There are three dimensions along which synthesis strategies vary:

  • Behavioral constraints: how do you tell the system what the program should do? i.e., specification
    • Input lang/format?
    • Interaction model? Maybe not one-shot?
    • What happens when intent is ambiguous?
    • e.g., input-output examples, equivalent program, formal spec (pre/post conditions, types), natural language
  • Structural constraints: what is the space of programs to explore?
    • Large enough to contain interesting programs, small enough to exclude garbage and enable efficient search
    • Built-in or user defined?
    • Can we extract domain knowledge from existing code?
    • e.g., Sketch/Rosette
  • Search strategy: how do we search through the search space?
    • Synthesis is search: find program in space defined by structural constraints that satisfies behavioral constraints.
    • But this space is massive!
    • How do we find the program we want?
      • How do we know it’s the program we want?
      • How can we leverage the above constraints to do this?
    • e.g.,
      • Enumerative (explicit) search: enumerate things in increasingly bigger sizes
      • Stochastic search
      • Representation-based search: use data structure to represent large set of programs (e.g., VSAs, e-graphs)
      • Constraint-based search: translate to constraints and use a solver (e.g., SMT, ILP)

Syntax-guided synthesis

If you have a grammar, synthesizer generates programs according to that grammar.

SyGuS is a format/competition that unifies different syntax-guided approaches. Common input format & supporting tools (e.g., CVC4, Z3, etc.). A SyGuS problem has three parts:

  • A theory.
  • A spec (logical formula) dictating what the synthesized function should do.
  • A grammar.

To get from logical formula to input/output examples, we use counter-example guided inductive synthesis (CEGIS). Give initial examples to synthesizer. Then use verification oracle to try to find a counter-example where it doesn’t follow spec. Use as new input/output pair.

With enumerative search, we enumerate every possible program. In bottom-up, we start from nullary productions and iteratively deepen our search. In top-down, we start with the starting nonterminal and expand with productions. Kind of like LR vs. LL!

There are ways of making this faster:

  • Observational equivalence: if two programs return the same result for all in/out pairs, discard one.
    • General, doesn’t require user input
    • But is less effective with more examples, and requires you to get back discarded programs when adding new examples.
  • User-specified equations: have user provide rewrites, discard programs where rewrites could apply (i.e., only accept normal form programs)
  • Built-in equivalences: make it impossible to represent equivalent programs in the grammar. Cool if you can get it, but you can’t get it often.

Representation-based search

With representation-based search, we build a data structure that represents the “good” parts of the search space, then search in that data structure.

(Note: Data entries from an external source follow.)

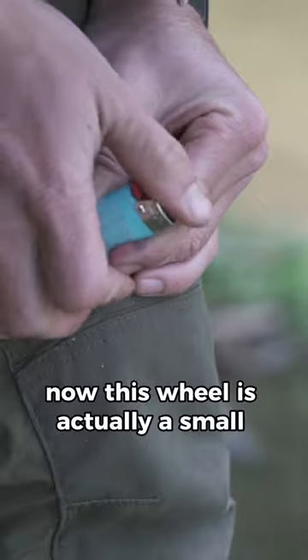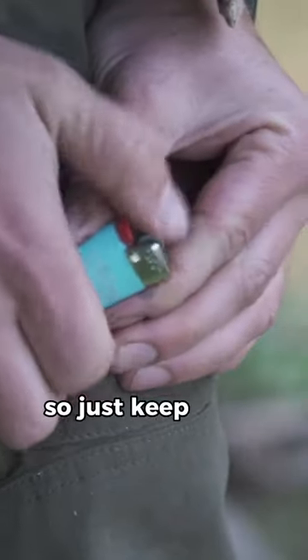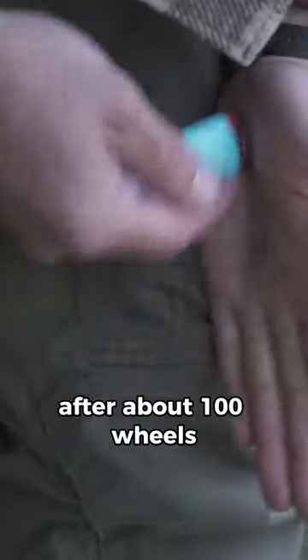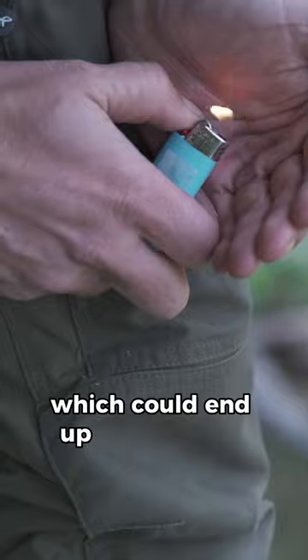Now this wheel is actually a small flint. Its only job is to create a spark, so we need to dry it out. Just keep going with it. After about 100 wheels, your lighter will slowly start to spark and then come back to life, which could end up saving yours.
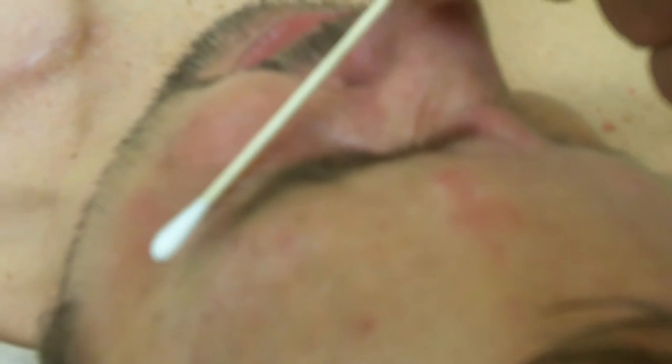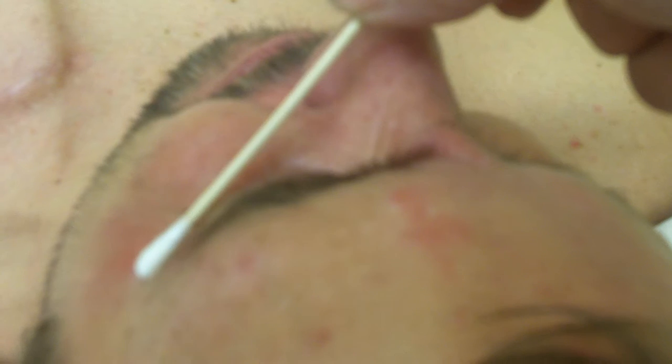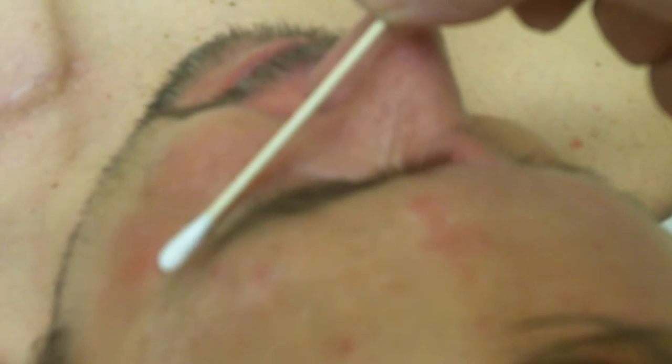Breathe. Good job. You may have some raised areas. That swelling should go down by the time you get ready to leave the clinic. One, two, three. Breathe, breathe, breathe. I know there's pressure. Hang in there. Good job, Tom.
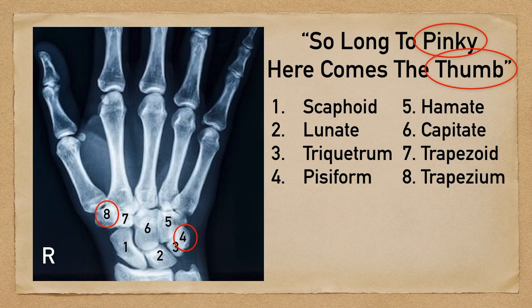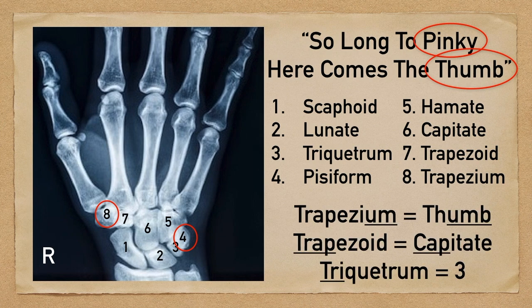The other factor that commonly trips people up is that there are three carpal bones that start with T, so it's tough to remember which T goes where. Starting with trapezium, you're going to remember that it rhymes with thumb, so trapezium is near the thumb. The mnemonic makes this easy because it uses the word 'thumb,' and that will help you remember that trapezium is in that eighth position. Looking at the X-ray, the carpal bone next to the thumb is carpal bone number eight — the trapezium.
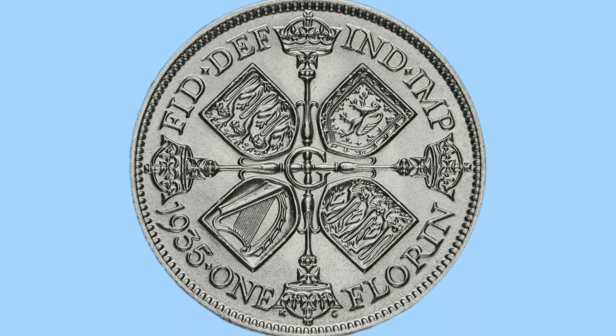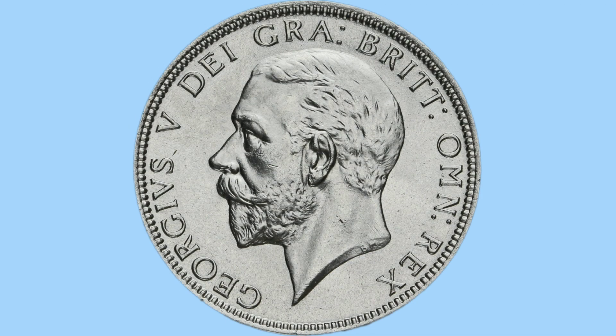At the bottom it says 1935, 1 Florin, which is the date and denomination of this coin. 1 Florin was 2 shillings. Now then, we move on to the obverse of this coin. The obverse design features the portrait of George V. He's facing to the left and is uncrowned, and has a very nice detail in his beard, moustache and hair, when the coins are not so worn.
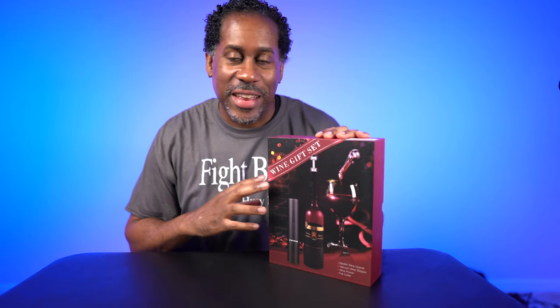Hey everyone, this is Larry. Welcome back to Today at FeelLike.com. Today we are going to check out the Cronova 4-in-1 Electric Wine Opener Gift Set. There's a whole bunch of stuff in here that's going to make your wine life easier. So let's unbox it, check it out, open a bottle of wine, and here we go.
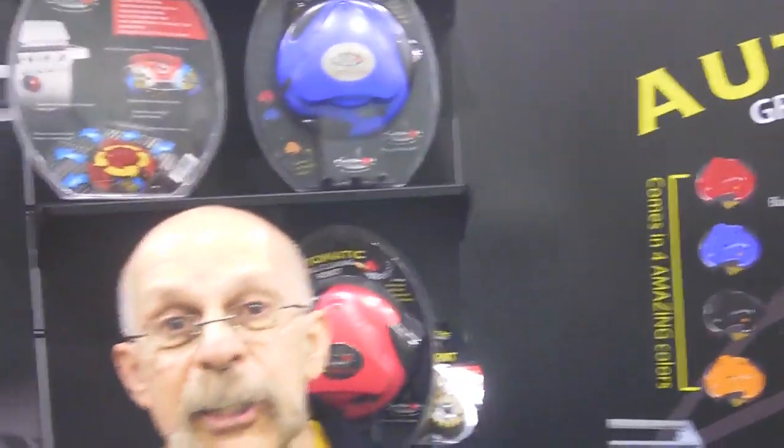Dick Bartolo, Man's Mediator and the GizWiz. We're here at the National Hardware Show 2013.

  • Useful if you need to return multiple results/rank them, and you can preprocess search space and use for multiple queries.
  • Tradeoff: harder to build representation, easier to search late

One example of this is a version space algebra (VSA). We build a data structure representing set of programs consistent with examples—a version space.

Operations:

  • learn : <input, output> -> VS
    • Given an example, yield a version space of programs consistent with that example
  • intersect : VS -> VS -> VS
    • Args: all programs consistent with one example consistent with all programs consistent with another
    • Returns: programs consistent with both
  • pick : VS -> program
    • Pick a program in that version space

Implementation:

  • DAG where each node represents a set of programs.
  • Nodes are enum with three variants:
    • Direct set: explicit set of progrmas
    • Union node: set of programs of node is union of children
    • Join node: applies some function/operation to all combinations of children

TODO

There’s more info in the 291 notes—I haven’t included them here since they’re not quite relevant for the Prelim.